• [SOURCE INFORMATION]
+ + + +

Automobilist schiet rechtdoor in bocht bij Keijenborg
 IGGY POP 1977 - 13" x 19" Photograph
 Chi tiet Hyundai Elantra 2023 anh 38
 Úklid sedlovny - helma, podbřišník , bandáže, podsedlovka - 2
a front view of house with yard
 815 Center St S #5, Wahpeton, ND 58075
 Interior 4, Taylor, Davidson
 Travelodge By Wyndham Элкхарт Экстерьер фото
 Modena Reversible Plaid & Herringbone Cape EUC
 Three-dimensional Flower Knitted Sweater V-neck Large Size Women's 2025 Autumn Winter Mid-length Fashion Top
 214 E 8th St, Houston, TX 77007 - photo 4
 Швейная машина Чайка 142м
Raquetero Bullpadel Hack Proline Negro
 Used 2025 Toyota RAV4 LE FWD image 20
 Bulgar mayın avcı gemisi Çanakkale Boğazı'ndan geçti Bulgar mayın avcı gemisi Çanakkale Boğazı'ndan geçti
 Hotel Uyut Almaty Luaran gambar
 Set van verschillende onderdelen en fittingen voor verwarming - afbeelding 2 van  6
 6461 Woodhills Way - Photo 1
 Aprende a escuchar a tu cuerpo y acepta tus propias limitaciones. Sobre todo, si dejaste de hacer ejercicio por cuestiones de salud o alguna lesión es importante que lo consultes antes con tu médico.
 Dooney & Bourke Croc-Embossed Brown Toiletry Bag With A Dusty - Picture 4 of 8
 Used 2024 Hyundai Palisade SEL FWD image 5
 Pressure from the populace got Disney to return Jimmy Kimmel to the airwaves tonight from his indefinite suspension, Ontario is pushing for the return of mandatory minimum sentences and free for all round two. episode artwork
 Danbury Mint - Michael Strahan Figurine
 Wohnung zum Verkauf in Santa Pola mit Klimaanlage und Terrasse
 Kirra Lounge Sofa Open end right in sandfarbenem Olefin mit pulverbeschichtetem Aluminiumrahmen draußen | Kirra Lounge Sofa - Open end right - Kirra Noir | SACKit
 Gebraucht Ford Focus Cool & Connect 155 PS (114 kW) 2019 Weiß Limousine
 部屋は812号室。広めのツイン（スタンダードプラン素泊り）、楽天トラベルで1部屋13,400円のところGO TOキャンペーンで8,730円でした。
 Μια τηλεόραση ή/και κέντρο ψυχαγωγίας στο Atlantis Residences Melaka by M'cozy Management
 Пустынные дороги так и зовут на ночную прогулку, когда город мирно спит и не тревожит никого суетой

+ + + +

In the listing above, find the line with "Three-dimensional Flower Knitted" and the line with "Wohnung zum Verkauf", then reproduce both and every line between them exactly.

• [RESULT]
 Three-dimensional Flower Knitted Sweater V-neck Large Size Women's 2025 Autumn Winter Mid-length Fashion Top
 214 E 8th St, Houston, TX 77007 - photo 4
 Швейная машина Чайка 142м
Raquetero Bullpadel Hack Proline Negro
 Used 2025 Toyota RAV4 LE FWD image 20
 Bulgar mayın avcı gemisi Çanakkale Boğazı'ndan geçti Bulgar mayın avcı gemisi Çanakkale Boğazı'ndan geçti
 Hotel Uyut Almaty Luaran gambar
 Set van verschillende onderdelen en fittingen voor verwarming - afbeelding 2 van  6
 6461 Woodhills Way - Photo 1
 Aprende a escuchar a tu cuerpo y acepta tus propias limitaciones. Sobre todo, si dejaste de hacer ejercicio por cuestiones de salud o alguna lesión es importante que lo consultes antes con tu médico.
 Dooney & Bourke Croc-Embossed Brown Toiletry Bag With A Dusty - Picture 4 of 8
 Used 2024 Hyundai Palisade SEL FWD image 5
 Pressure from the populace got Disney to return Jimmy Kimmel to the airwaves tonight from his indefinite suspension, Ontario is pushing for the return of mandatory minimum sentences and free for all round two. episode artwork
 Danbury Mint - Michael Strahan Figurine
 Wohnung zum Verkauf in Santa Pola mit Klimaanlage und Terrasse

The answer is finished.